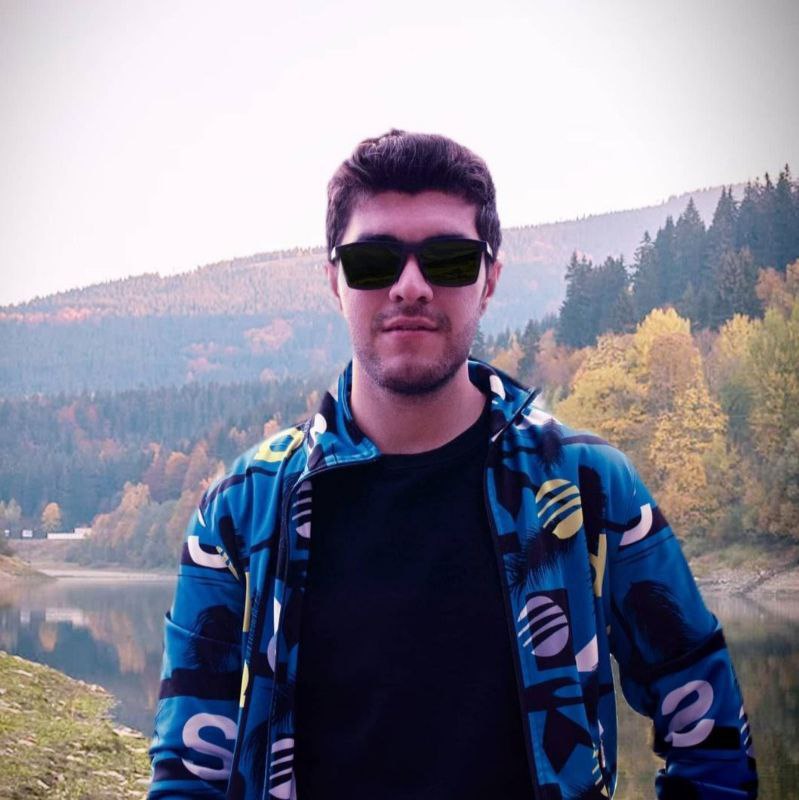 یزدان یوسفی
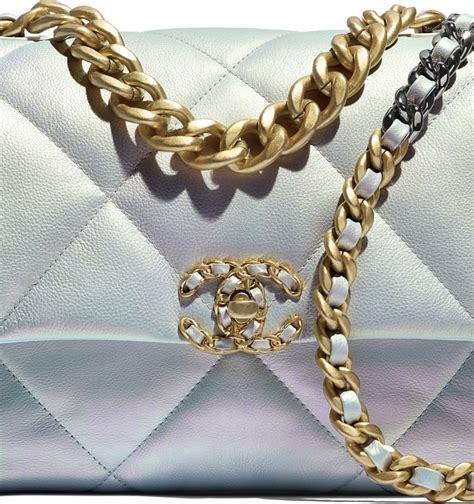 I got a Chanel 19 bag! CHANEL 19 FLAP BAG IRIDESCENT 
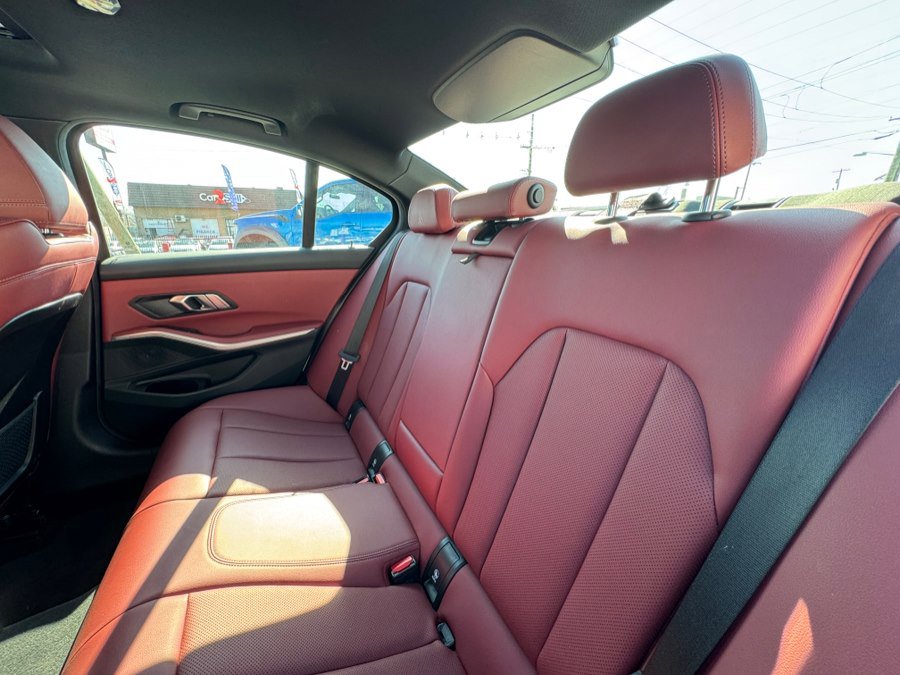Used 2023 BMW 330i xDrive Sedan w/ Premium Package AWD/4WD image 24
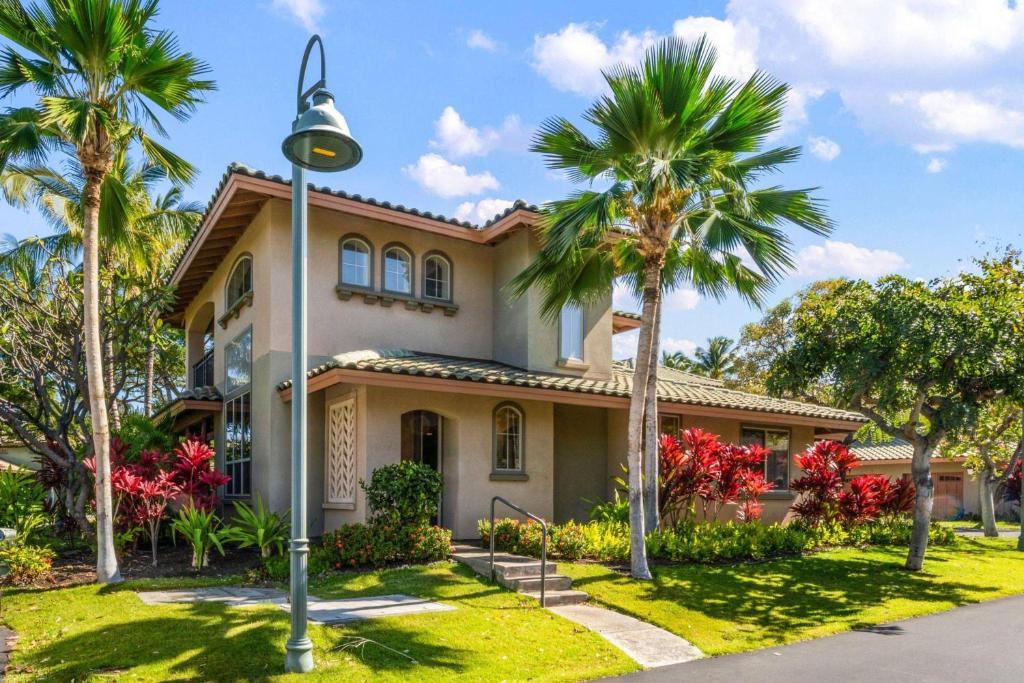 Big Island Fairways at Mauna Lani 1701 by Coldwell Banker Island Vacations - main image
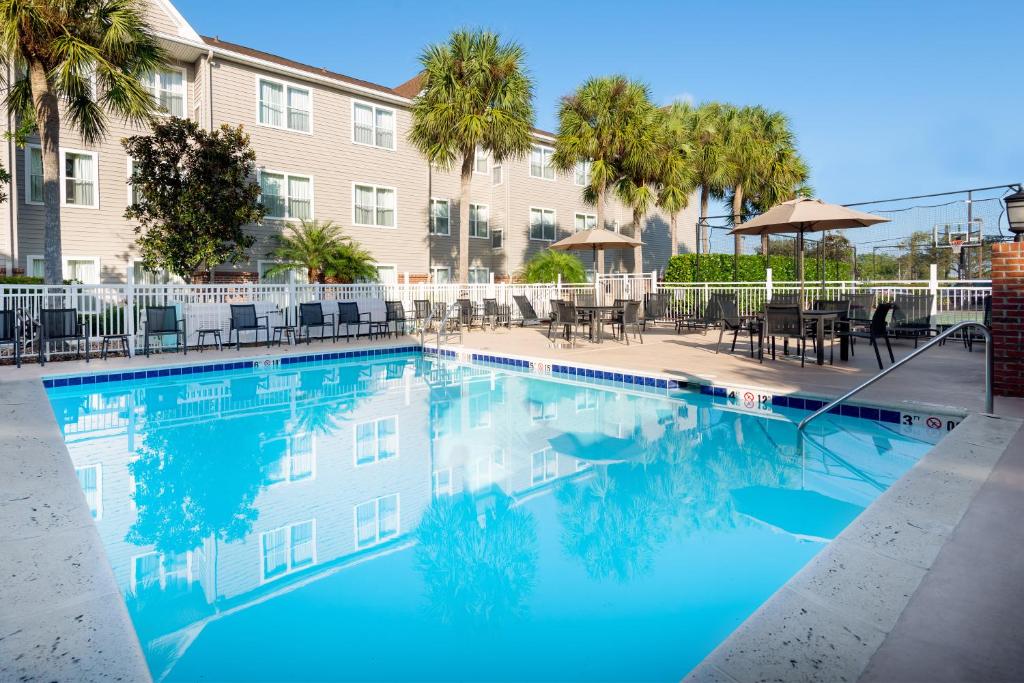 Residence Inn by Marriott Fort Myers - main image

* * *

**Directions for this task:** For this copy, leave pictures out and reproduce the lines from the one bearing "I got a Chanel" through the final line of the listing above, both ends included.

**Result:**
 I got a Chanel 19 bag! CHANEL 19 FLAP BAG IRIDESCENT 
Used 2023 BMW 330i xDrive Sedan w/ Premium Package AWD/4WD image 24
 Big Island Fairways at Mauna Lani 1701 by Coldwell Banker Island Vacations - main image
 Residence Inn by Marriott Fort Myers - main image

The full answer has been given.